The main challenge of speaking about God today is how we are perceived from the outset:
“It is certainly true that anyone who tries to preach the faith amid people involved in modern life and thought can really feel like a clown, or rather perhaps like someone who, rising from an ancient sarcophagus, walks into the midst of the world today.”
Humanity has been taught for centuries that the route to fulfillment and happiness is paved with doubting ancient principles and debunking religious teachings. The first hurdle we face in speaking with our contemporaries is simply getting them to actually listen to what we have to say, rather than write us off from the very beginning. The recipe to create attentive listeners is love, one of the only topics that relates to every human being who has ever lived.
“No greater love is this, that man may lay down his life for his friends,” (John 15:13). Jesus died on the cross out of a desperate love for the world, but Benedict is much more specific: he died on the cross out of a love that was completely foolish. On that holy tree, Christ portrays the greatest aspect of the human capacity: sacrificial love. In order for unconditional love to be true it must be in some way foolish. There is no logic and no reciprocation necessary when it comes to the deep yearning that God has for his children.
In this way, it is not that strange for the world to see the Christian message as a clown who has entered the room or a mummy who has risen from his grave, but the foolishness of God is wiser than the wisdom of man (1 Corinthians 1:25).
“God does not wait until the guilty come to be reconciled; he goes to meet them and reconciles them. Here we can see the true direction of the Incarnation, of the cross…as the expression of that foolish love of God’s that gives itself away to the point of humiliation in order thus to save man.”
Introduction to ChristianityThe crib of Christmas and the wood of Calvary are defined by the fact that they do not demand our attention. He comes as an infant and dies as a criminal because his love is one that gives itself away to the point of physical exhaustion.
The child lying in the manger is totally dependent on his parents; while the carpenter on the Roman execution device hangs lifeless and naked for all to mock. The identity of the Son of God is made most visible in how he enters and leaves this world, he allows us to take advantage of him and overlook him.
This foolish lover notion encapsulates everything there is to know about who God is. A fool who loves intensely is not someone who looks for others to take notice of just how great they are. God does not love us because he has to or because he pities us. His love is given to us because he is wired that way.
Therefore, humanity’s role in response to this love of the Father is not a relentless effort to win his favor. It is, “our becoming totally receptive and letting ourselves be completely taken over by him. Letting God act on us…” Coming to grips with God’s foolish identity liberates us from thinking we have it all figured out and that we can fix everything on our own.

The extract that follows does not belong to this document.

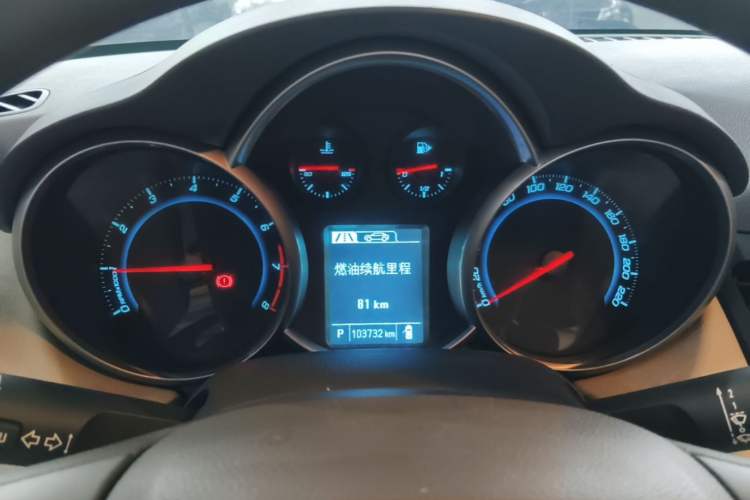 Used Chevrolet Cruze 2015 1.5L Classic SE AT Instrument Cluster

The events surrounding the manger and the crucifix do not measure out love and foolish love does not count the cost. There is something very freeing about knowing that someone loves you despite your response, that all he desires is an intimate and precious proximity with his beloved.
God is the foolish lover. Let us see the tremendous beauty involved in God’s identity revealed at Bethlehem and Jerusalem, and let us be taken over by it. Then we will by instinct love foolishly in return. That will change our Church, and our world.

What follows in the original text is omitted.